# REQUIRED WORK
Please reproduce the entries below exactly from the line holding "Insurance sector refroms in INDIA | DOC" through the last line, both included, and omit any pictures.

# DATASET EXCERPTS
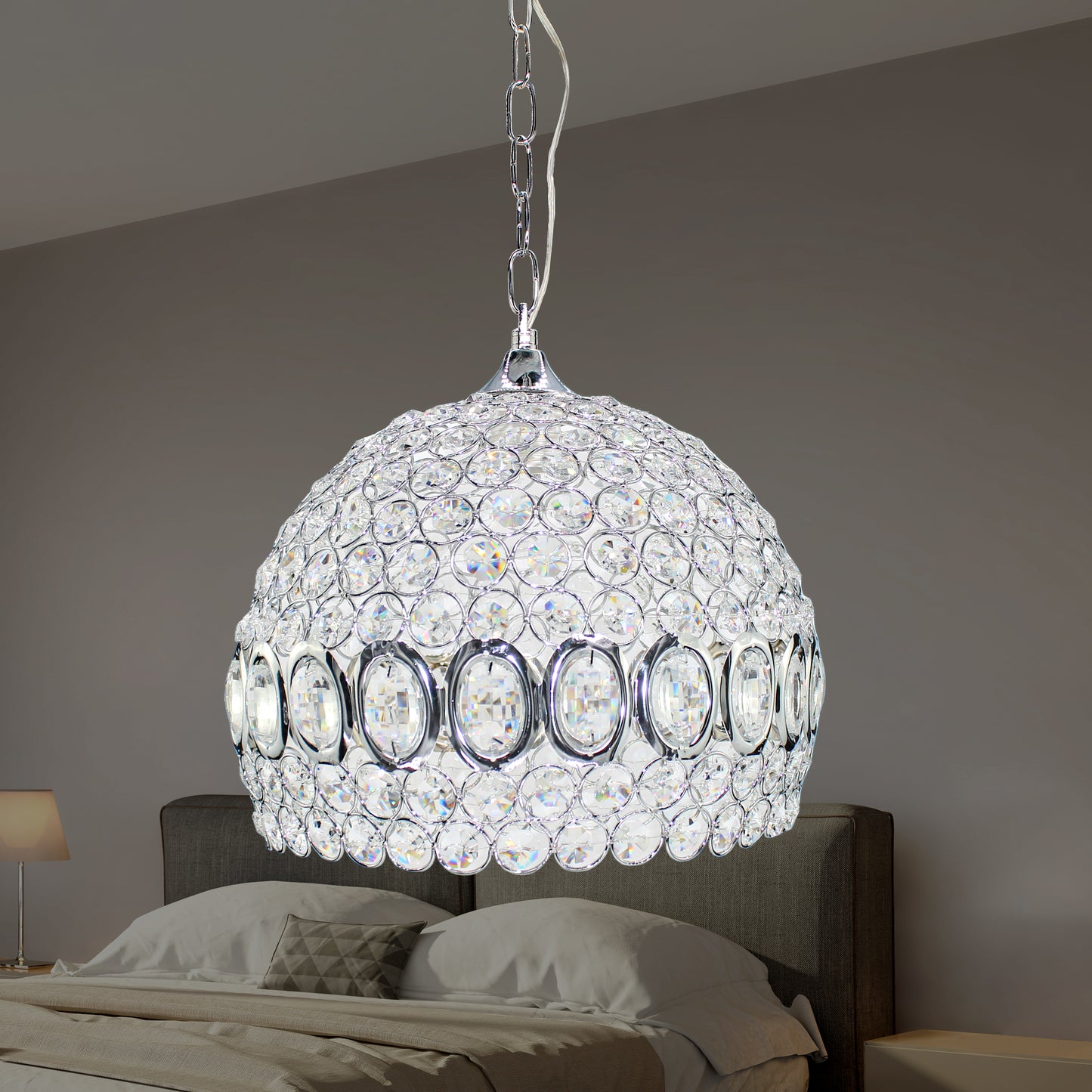 Sospensione Elegante Lampadario a Palla Aperta Ovale Sospensione a isola da cucina Lampada a sospensione in alluminio Argento/oro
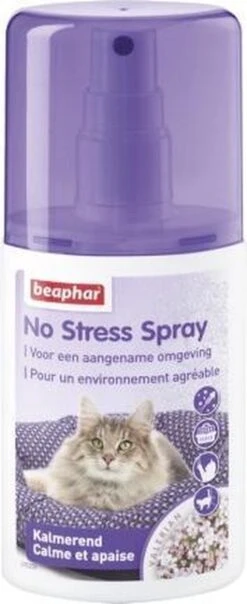Beaphar No Stress Spray Hond - Kat 125 Ml -Merkloos Winkel 491x1200 1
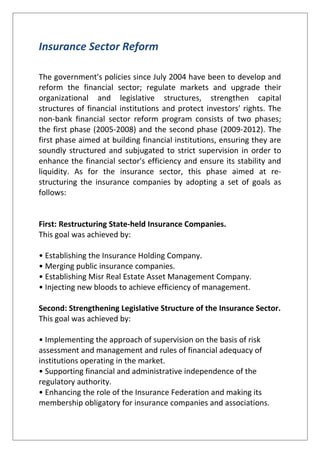 Insurance sector refroms in INDIA | DOC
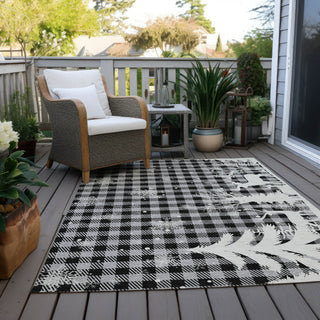Piper Looms Chantille Christmas ACN1824 Gray Machine Washable Area Rug Outdoor Lifestyle Image Feature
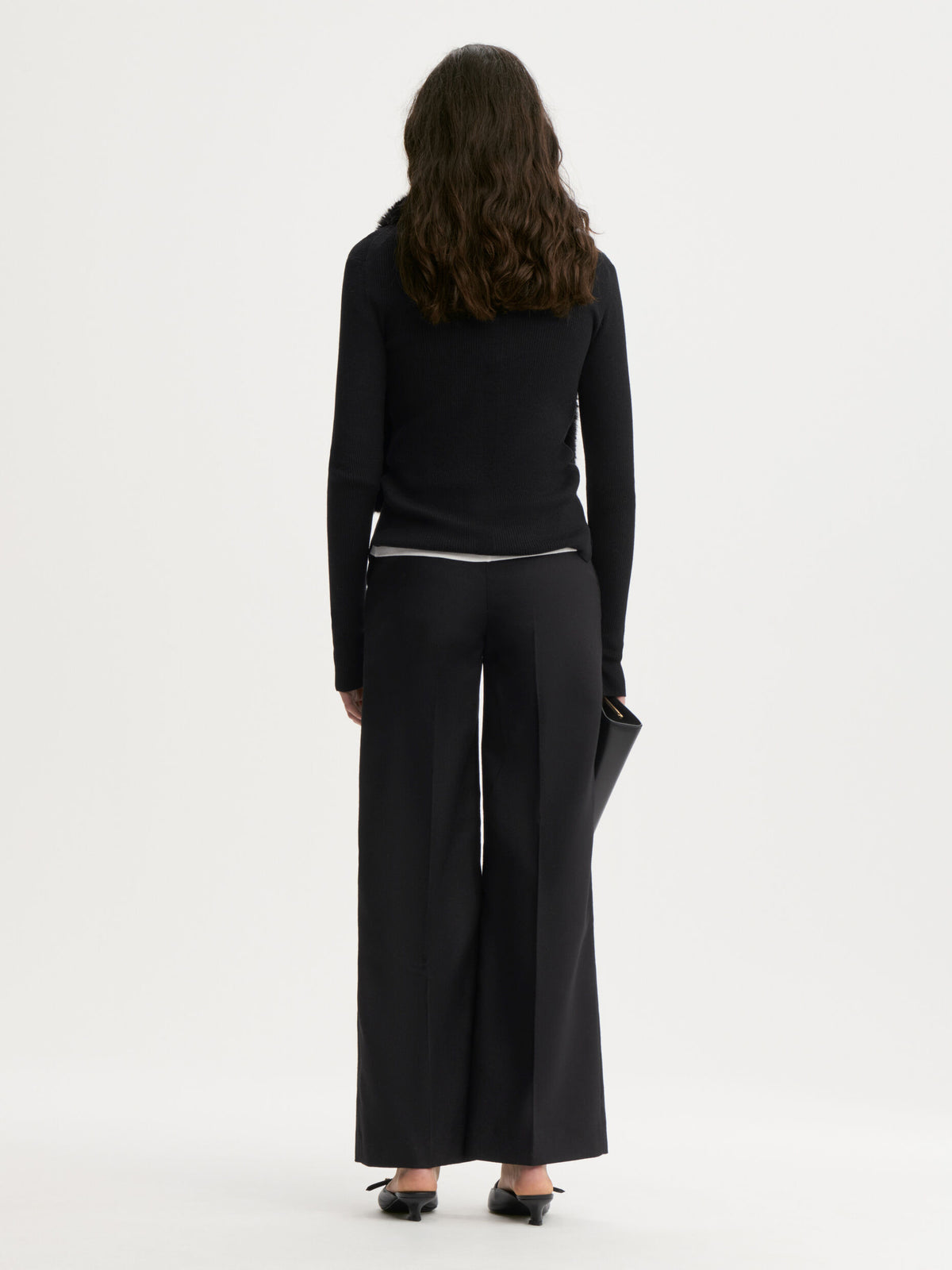 Rosabella Wool Trousers in Black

# SOLUTION TO THIS TASK
 Insurance sector refroms in INDIA | DOC
Piper Looms Chantille Christmas ACN1824 Gray Machine Washable Area Rug Outdoor Lifestyle Image Feature
 Rosabella Wool Trousers in Black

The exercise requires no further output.